YOUR OBJECTIVE: Every record needs to be repeated exactly; its pictures do not.

### DATA FOR PROCESSING ###

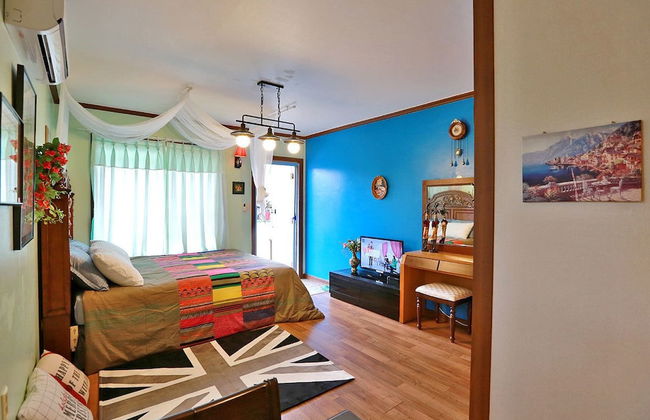 Green Castle Pension - Photo 6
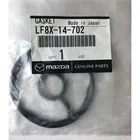 Oem /mazda Engine Oil Cooler Gasket LF8X-14-702 For CX-7 CX-5 Miata New. Price: $10.00.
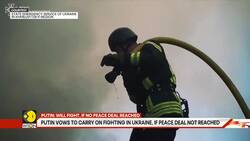 Russia-Ukraine war: How the Ukraine war could end? News Clip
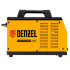 Аппарат инвертор. аргонодуговой сварки ITIG-200 DС Pulse Cold Weld, 200 А, ПВ 60% Denzel в Новосибирске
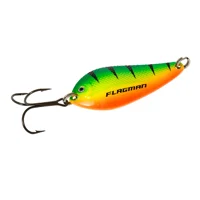 Блешня коливна Flagman Atom BS 10g color 2426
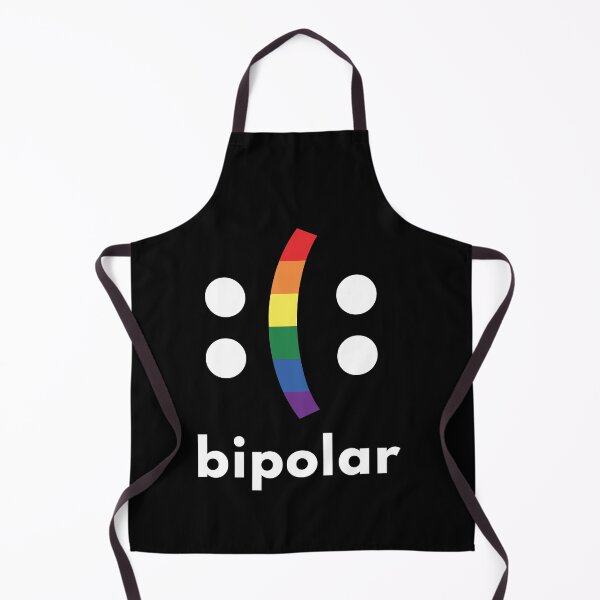 Item preview, BIPOLAR FLAG designed and sold by diego75bcn.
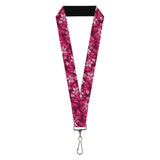 Buckle Down Lanyard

###

OUTPUT FOR THIS EXERCISE:
 Green Castle Pension - Photo 6
 Oem /mazda Engine Oil Cooler Gasket LF8X-14-702 For CX-7 CX-5 Miata New. Price: $10.00.
 Russia-Ukraine war: How the Ukraine war could end? News Clip
 Аппарат инвертор. аргонодуговой сварки ITIG-200 DС Pulse Cold Weld, 200 А, ПВ 60% Denzel в Новосибирске
 Блешня коливна Flagman Atom BS 10g color 2426
 Item preview, BIPOLAR FLAG designed and sold by diego75bcn.
 Buckle Down Lanyard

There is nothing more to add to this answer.